Exercise prompt: Give again, exactly as written, the lines of the records below from the line with "Bondage Collar Leash Os Blk" to the line with "Original Handmade Doll". Both end lines count; pictures do not.

*** Supplied records Section Begins ***

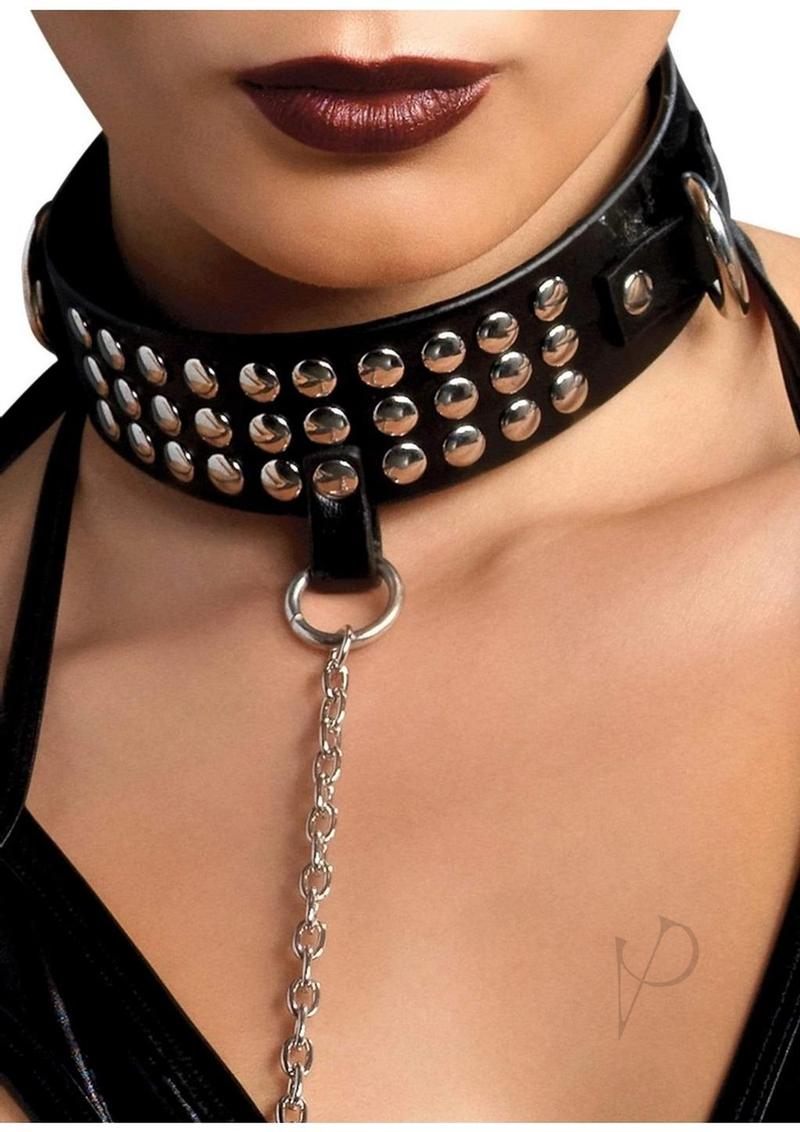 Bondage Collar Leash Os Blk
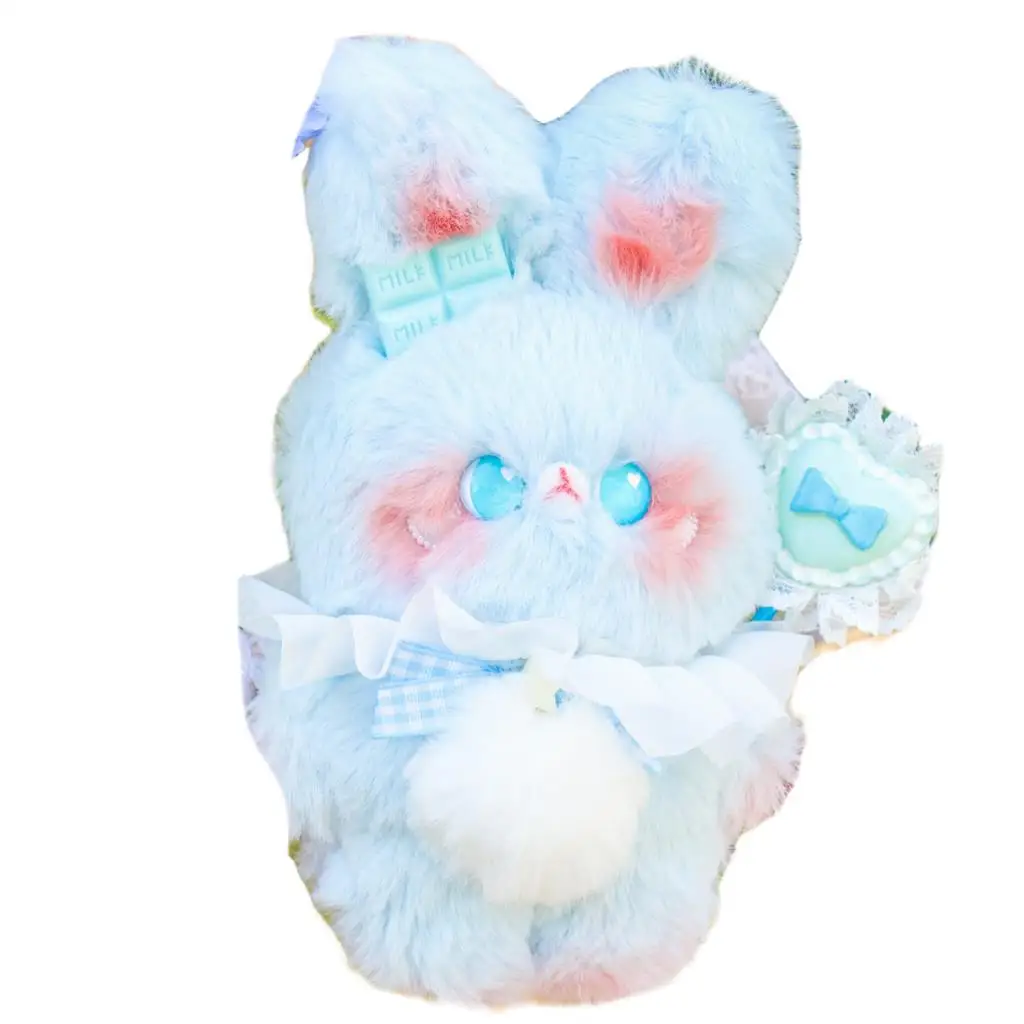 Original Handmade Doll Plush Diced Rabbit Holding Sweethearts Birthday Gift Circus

*** Supplied records Section Ends ***
*** Supplied records Section Begins ***

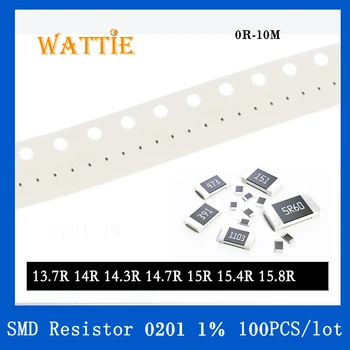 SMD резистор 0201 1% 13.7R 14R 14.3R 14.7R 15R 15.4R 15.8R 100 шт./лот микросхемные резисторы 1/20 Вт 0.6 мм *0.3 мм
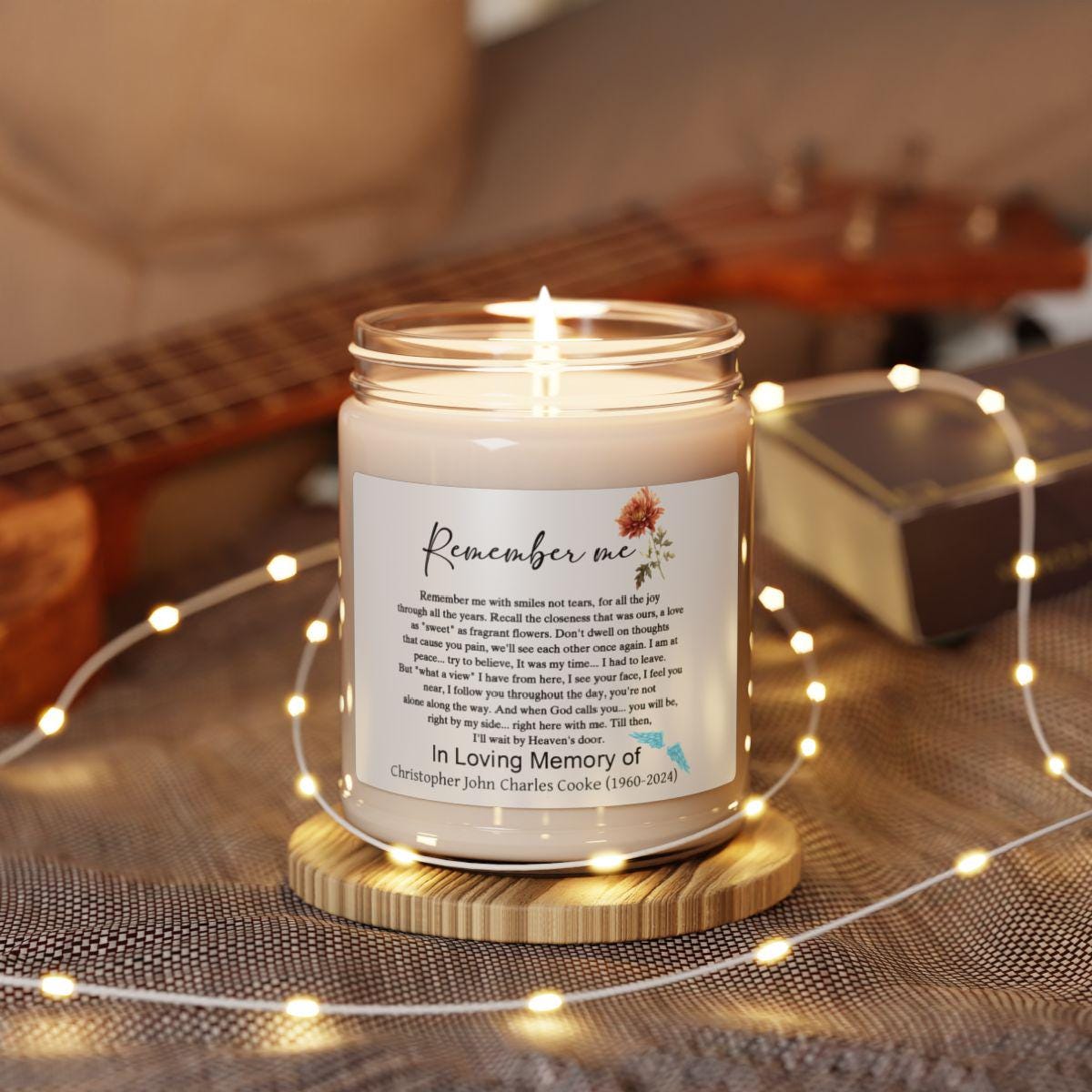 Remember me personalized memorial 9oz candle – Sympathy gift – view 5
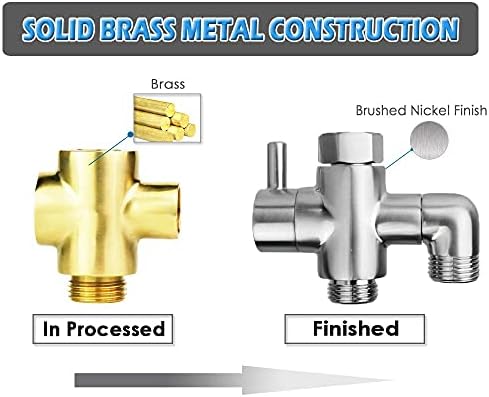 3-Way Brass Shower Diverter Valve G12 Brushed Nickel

*** Supplied records Section Ends ***

Task solution:
 Bondage Collar Leash Os Blk
 Original Handmade Doll Plush Diced Rabbit Holding Sweethearts Birthday Gift Circus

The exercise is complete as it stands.